The Justice Department moved Tuesday to end a consent decree with the Seattle Police Department, bringing to a close more than a decade of federal supervision of the police department.

The Seattle consent decree was established under the Obama administration in 2012 after a Justice Department investigation found that the police department there had a pattern of using excessive force.

Specifically, the Justice Department found at the time that the police department used weapons either excessively or unnecessarily more than half the time during arrests, and that officers engaged in a pattern of discriminatory policing during pedestrian encounters.

The Seattle Police Department has made “far-reaching reforms” since the institution of the consent decree and is now a “transformed organization,” the city of Seattle and the Justice Department said in a court filing Tuesday.

The Seattle Police Department “achieved remarkable progress,” they said, highlighting that the department has complied with stringent use of force policies and implemented a crisis intervention program, the filing said. “Any pattern or practice of unconstitutional force that existed has been eliminated.”

The request will go to the federal judge in Washington state who oversaw the police department’s progress and compliance in implementing police reform since the consent decree was signed in 2012.

If approved, the end of the consent decree will mark a significant milestone in the function of federally supervised implementation of police reforms. There are several similar and ongoing consent decrees with police departments across the country, as well as pattern-and-practice investigations like the one conducted in Seattle.

Critics of consent decrees point to the years-long agreements as proof that federal oversight and investigations can last several years. Early in the Biden administration, the Justice Department implemented new reforms to try and curtail the length of the federal oversight.

‘A model’ for change

Assistant Attorney General Kristen Clarke of DOJ’s Civil Rights Division said during a news conference Tuesday that the Seattle Police Department “reached and sustained compliance with our consent decree by consistently implementing reforms necessary to change policing in this city.”

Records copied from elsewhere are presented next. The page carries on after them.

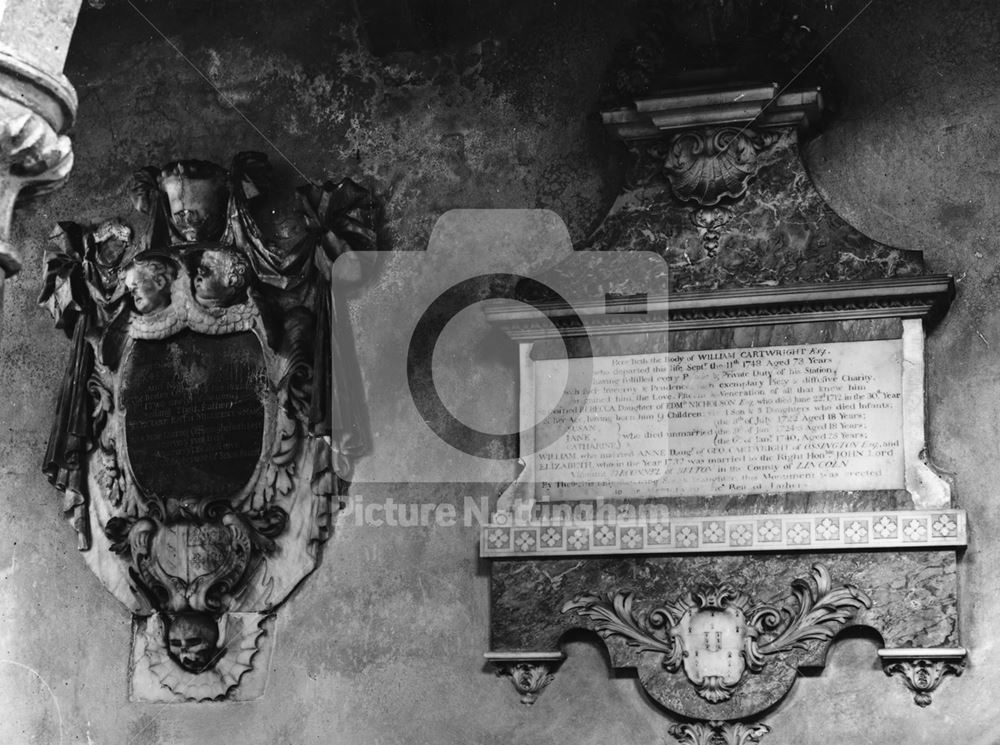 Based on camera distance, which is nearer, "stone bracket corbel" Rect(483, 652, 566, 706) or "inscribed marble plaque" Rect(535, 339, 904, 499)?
"inscribed marble plaque" Rect(535, 339, 904, 499)

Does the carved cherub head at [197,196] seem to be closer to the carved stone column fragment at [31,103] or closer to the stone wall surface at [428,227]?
the stone wall surface at [428,227]

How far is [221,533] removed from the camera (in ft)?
19.2

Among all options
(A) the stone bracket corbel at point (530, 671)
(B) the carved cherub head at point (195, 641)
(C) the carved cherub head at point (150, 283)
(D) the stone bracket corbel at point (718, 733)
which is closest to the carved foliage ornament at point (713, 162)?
(A) the stone bracket corbel at point (530, 671)

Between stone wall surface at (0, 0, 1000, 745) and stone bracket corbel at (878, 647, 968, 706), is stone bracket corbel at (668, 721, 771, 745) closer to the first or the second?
stone wall surface at (0, 0, 1000, 745)

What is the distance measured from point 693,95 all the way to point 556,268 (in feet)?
2.31

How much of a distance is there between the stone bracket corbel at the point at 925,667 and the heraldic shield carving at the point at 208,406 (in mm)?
1910

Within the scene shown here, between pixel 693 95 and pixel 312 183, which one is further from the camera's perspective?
pixel 312 183

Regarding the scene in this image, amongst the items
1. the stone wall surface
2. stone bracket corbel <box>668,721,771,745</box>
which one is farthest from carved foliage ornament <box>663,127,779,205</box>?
stone bracket corbel <box>668,721,771,745</box>

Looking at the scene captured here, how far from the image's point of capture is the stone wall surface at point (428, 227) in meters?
5.21

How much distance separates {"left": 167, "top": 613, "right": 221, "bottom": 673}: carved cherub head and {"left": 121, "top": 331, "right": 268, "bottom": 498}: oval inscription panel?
0.42 meters

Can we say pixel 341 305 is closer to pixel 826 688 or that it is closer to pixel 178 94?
pixel 178 94

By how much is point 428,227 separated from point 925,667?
222cm

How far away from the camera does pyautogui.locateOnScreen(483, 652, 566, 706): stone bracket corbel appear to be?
536cm

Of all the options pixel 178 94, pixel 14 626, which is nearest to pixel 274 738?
pixel 14 626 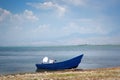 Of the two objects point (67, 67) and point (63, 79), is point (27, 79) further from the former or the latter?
point (67, 67)

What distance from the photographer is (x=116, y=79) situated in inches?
942

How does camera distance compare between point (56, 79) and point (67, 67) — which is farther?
point (67, 67)

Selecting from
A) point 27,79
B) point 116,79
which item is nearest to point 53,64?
point 27,79

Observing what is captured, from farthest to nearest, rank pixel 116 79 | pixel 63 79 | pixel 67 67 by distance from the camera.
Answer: pixel 67 67
pixel 63 79
pixel 116 79

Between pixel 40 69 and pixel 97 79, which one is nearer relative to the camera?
pixel 97 79

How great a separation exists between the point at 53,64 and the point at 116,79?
2793 cm

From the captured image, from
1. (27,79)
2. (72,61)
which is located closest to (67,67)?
(72,61)

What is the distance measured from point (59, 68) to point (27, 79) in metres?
24.9

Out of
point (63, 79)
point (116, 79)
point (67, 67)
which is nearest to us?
point (116, 79)

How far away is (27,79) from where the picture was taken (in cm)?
2648

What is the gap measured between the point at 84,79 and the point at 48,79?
11.4 feet

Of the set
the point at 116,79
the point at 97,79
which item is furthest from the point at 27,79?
the point at 116,79

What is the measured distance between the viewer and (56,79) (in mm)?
25719

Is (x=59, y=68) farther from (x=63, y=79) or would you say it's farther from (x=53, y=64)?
(x=63, y=79) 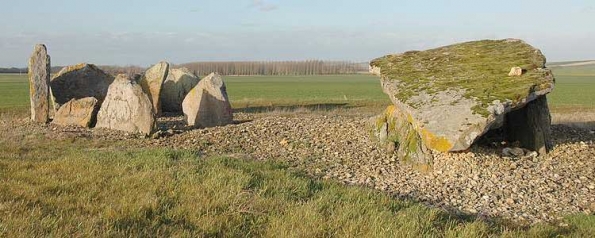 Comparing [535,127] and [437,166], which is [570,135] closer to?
[535,127]

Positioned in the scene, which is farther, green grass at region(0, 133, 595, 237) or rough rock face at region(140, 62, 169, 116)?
rough rock face at region(140, 62, 169, 116)

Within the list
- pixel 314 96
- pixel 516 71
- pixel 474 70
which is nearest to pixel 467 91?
pixel 516 71

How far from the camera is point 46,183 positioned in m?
6.70

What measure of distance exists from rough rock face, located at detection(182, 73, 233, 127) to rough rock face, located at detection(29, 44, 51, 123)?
14.2ft

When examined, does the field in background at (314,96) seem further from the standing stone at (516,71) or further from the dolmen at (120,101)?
the standing stone at (516,71)

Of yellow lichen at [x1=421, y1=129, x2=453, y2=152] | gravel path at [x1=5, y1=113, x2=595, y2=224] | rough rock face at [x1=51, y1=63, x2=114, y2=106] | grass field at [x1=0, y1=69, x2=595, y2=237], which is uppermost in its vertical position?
rough rock face at [x1=51, y1=63, x2=114, y2=106]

“Seattle stands as a model for the kind of change and reform that can be achieved when communities, police departments, and cities come together to repair and address systemic misconduct,” Clarke said.

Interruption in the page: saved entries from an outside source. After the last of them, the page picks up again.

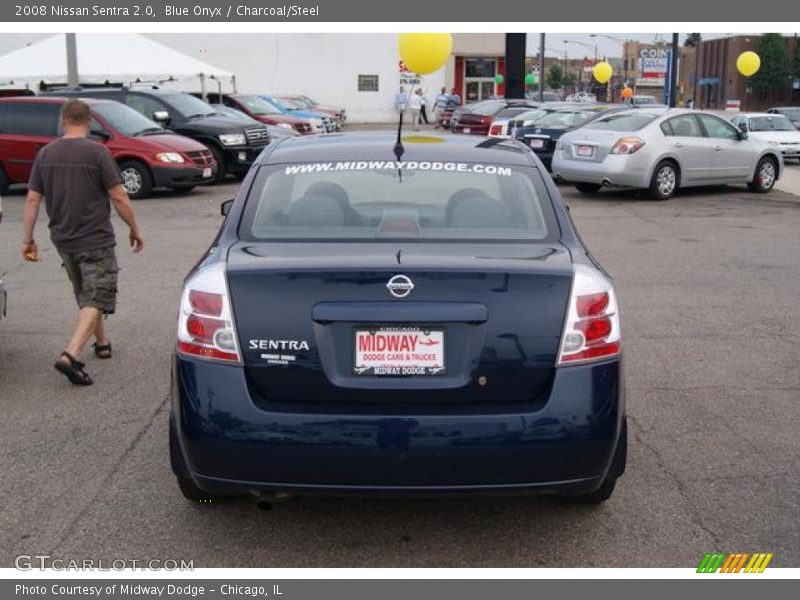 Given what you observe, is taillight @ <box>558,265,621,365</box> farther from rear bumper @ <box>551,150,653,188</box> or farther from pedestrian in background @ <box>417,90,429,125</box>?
pedestrian in background @ <box>417,90,429,125</box>

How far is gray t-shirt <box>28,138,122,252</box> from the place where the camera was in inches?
245

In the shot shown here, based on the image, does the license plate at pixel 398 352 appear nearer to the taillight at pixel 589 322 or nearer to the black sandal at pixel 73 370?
the taillight at pixel 589 322

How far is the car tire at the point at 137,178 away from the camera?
16875 millimetres

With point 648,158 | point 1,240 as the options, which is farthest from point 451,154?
point 648,158

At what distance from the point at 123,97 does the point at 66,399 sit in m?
15.0

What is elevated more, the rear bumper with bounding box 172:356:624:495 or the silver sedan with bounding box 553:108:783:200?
the silver sedan with bounding box 553:108:783:200

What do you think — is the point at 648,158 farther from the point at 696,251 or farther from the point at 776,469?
the point at 776,469

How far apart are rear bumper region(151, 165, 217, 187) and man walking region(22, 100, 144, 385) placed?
34.9ft

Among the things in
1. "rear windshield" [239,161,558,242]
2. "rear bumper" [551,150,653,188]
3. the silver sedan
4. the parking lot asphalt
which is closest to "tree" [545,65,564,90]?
the silver sedan

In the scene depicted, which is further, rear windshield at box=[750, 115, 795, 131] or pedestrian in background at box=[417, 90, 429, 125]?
pedestrian in background at box=[417, 90, 429, 125]

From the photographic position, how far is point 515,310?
361cm

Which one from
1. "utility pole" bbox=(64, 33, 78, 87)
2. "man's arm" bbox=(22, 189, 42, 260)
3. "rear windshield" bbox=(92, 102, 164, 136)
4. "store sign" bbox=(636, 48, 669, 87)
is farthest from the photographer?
"store sign" bbox=(636, 48, 669, 87)

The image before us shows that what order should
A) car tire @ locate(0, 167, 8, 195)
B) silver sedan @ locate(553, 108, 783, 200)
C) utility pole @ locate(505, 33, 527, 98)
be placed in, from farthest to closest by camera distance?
1. utility pole @ locate(505, 33, 527, 98)
2. car tire @ locate(0, 167, 8, 195)
3. silver sedan @ locate(553, 108, 783, 200)

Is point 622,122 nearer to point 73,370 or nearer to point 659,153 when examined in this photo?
point 659,153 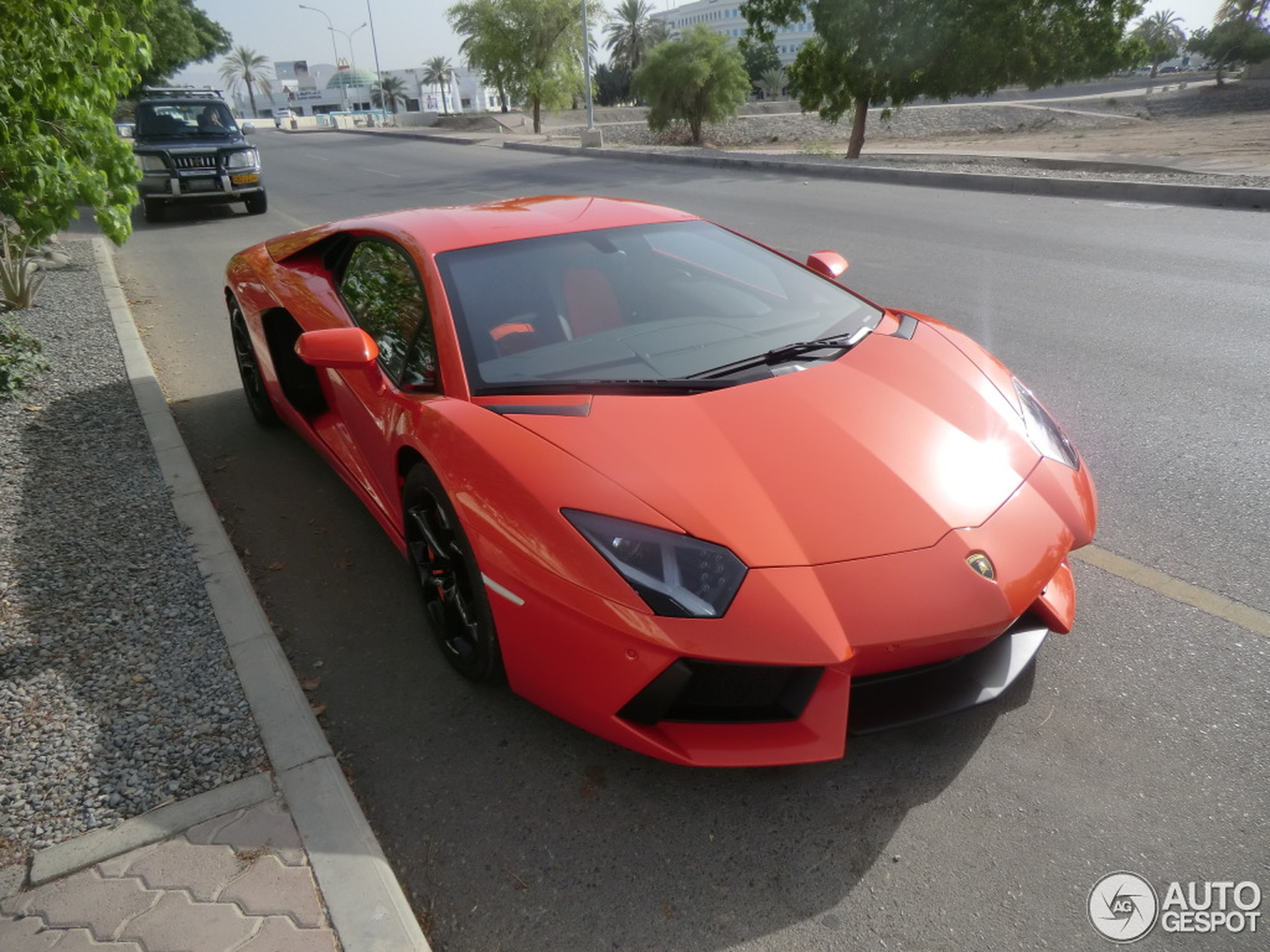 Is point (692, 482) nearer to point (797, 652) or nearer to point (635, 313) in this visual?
point (797, 652)

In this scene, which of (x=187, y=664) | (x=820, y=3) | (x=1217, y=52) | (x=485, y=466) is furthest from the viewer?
(x=1217, y=52)

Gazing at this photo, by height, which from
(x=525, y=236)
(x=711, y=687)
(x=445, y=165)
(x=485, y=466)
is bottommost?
(x=445, y=165)

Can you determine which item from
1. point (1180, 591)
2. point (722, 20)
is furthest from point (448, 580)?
point (722, 20)

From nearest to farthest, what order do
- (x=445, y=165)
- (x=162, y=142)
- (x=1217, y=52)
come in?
(x=162, y=142) < (x=445, y=165) < (x=1217, y=52)

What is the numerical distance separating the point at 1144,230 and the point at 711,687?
9.55 metres

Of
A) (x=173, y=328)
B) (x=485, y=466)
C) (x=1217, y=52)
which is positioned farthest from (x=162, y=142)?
(x=1217, y=52)

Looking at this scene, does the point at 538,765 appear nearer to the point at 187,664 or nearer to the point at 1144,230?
the point at 187,664

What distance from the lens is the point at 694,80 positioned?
37938 millimetres

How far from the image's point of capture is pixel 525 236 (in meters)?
3.27

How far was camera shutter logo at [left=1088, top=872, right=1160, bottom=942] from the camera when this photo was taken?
184 cm

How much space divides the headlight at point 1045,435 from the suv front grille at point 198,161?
13551 mm

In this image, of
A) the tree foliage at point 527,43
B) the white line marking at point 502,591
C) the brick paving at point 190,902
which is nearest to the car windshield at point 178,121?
the white line marking at point 502,591

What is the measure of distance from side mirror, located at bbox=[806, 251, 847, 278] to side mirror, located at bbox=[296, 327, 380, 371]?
6.04ft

She continued: “The overall message today is that policing in Seattle looks dramatically different today than it did 10 years ago. The consent degree in Seattle has provided the strong medicine necessary to cure the problems and improve the way policing is carried out across the city of Seattle.”

The city established a community policing commission and fostered better trust between residents and the police department, Clarke said. The use of force has become rare, appearing in “fewer than one quarter of one percent” of instances, she said. In addition, the department has adopted a “bias-free policing policy,” and more than 90% of police stops are now supported by “reasonable, articulable suspicion.”

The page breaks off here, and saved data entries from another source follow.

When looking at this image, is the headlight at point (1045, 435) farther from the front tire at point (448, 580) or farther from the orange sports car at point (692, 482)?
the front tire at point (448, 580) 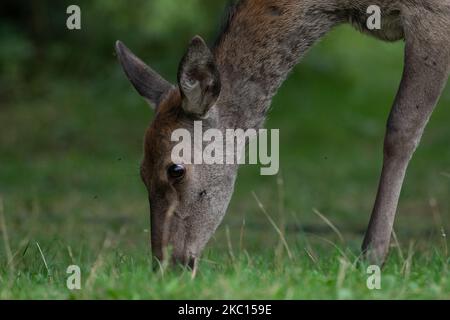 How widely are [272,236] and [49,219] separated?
2520 mm

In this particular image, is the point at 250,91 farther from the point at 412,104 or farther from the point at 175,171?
the point at 412,104

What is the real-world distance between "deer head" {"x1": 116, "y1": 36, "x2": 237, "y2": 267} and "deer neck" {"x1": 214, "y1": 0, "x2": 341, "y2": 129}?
0.71 feet

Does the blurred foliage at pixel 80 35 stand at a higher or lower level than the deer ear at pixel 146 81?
higher

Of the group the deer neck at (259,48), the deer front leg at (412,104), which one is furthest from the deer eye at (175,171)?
the deer front leg at (412,104)

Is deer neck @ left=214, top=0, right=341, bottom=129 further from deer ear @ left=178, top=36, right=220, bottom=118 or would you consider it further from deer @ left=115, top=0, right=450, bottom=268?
deer ear @ left=178, top=36, right=220, bottom=118

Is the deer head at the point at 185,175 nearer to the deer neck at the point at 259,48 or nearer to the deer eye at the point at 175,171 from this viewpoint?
the deer eye at the point at 175,171

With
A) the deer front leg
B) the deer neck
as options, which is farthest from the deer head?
the deer front leg

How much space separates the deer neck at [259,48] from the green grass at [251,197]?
83cm

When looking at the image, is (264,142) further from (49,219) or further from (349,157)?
(349,157)

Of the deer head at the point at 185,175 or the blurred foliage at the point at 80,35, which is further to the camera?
the blurred foliage at the point at 80,35

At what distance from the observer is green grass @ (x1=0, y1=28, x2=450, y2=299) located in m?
5.54

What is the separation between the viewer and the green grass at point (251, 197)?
5543 millimetres

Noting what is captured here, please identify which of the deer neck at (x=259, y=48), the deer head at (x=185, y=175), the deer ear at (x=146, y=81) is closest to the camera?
the deer head at (x=185, y=175) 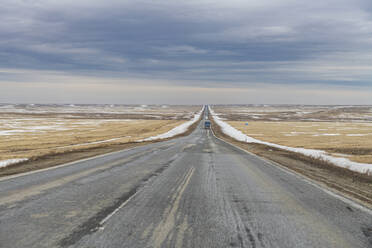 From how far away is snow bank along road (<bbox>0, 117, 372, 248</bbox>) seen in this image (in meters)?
4.07

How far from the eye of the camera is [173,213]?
5.21 metres

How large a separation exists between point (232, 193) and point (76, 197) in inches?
162

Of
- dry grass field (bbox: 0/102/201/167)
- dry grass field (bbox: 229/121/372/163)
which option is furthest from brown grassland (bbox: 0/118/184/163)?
dry grass field (bbox: 229/121/372/163)

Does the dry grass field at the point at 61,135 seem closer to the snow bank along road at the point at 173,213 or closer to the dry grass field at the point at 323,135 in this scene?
the snow bank along road at the point at 173,213

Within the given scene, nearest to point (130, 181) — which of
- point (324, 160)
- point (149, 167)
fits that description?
point (149, 167)

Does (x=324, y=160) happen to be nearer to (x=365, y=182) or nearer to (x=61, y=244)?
(x=365, y=182)

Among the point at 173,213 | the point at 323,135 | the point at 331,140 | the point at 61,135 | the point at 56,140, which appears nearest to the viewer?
the point at 173,213

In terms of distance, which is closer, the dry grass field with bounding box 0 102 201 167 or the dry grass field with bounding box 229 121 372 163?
the dry grass field with bounding box 229 121 372 163

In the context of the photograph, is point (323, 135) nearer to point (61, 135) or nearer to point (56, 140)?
point (56, 140)

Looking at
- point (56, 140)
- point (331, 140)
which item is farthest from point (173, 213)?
point (331, 140)

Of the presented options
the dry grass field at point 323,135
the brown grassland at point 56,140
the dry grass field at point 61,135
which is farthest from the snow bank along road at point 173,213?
the dry grass field at point 323,135

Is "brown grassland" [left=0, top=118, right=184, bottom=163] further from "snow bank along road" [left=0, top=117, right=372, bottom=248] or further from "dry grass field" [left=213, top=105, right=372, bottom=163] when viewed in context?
"dry grass field" [left=213, top=105, right=372, bottom=163]

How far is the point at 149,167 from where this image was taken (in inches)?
435

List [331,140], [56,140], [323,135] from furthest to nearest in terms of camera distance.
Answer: [323,135] < [331,140] < [56,140] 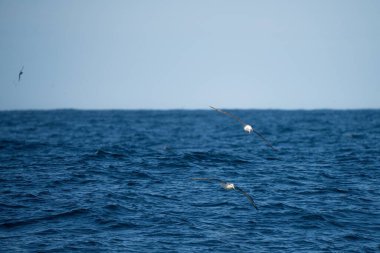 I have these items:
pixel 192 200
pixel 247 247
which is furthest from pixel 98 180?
pixel 247 247

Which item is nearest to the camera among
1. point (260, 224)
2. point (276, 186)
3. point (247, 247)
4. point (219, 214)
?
point (247, 247)

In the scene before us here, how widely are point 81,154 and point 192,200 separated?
53.2 feet

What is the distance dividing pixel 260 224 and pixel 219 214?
179 cm

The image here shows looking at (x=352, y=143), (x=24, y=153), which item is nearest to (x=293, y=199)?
(x=24, y=153)

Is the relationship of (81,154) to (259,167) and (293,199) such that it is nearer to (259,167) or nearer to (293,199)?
(259,167)

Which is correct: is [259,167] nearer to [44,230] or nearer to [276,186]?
[276,186]

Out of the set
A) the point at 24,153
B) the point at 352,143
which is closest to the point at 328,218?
the point at 24,153

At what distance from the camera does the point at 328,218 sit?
16.7 meters

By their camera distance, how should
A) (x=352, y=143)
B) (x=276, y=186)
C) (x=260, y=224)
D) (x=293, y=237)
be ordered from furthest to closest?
(x=352, y=143) < (x=276, y=186) < (x=260, y=224) < (x=293, y=237)

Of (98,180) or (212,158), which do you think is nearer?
(98,180)

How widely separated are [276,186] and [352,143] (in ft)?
74.4

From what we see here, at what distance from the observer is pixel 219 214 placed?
17141mm

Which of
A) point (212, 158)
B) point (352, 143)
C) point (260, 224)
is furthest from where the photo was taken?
point (352, 143)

The police department, Clarke said, has pledged to continue monitoring their reforms.

The Justice Department and the city of Seattle asked for continued, narrow federal oversight in two instances where they say the police department still struggles, “ensuring a sustainable system of accountability” and “improving the use, reporting, and review of force in crowd settings.” Clarke said Seattle is still reviewing the use of police force during the racial justice protests in 2020, and “that work must be completed before it’s appropriate to fully end court oversight on that issue.”

“While the Justice Department is opening new pattern or practice investigations into police departments across the country,” Clarke said, “we are also achieving significant progress in cities that have worked for years to institute reforms that are called for by our consent decrees.”

The Justice Department has initiated several probes, including into the police departments in Minneapolis, Phoenix, and Mount Vernon, New York.

This story has been updated with additional details.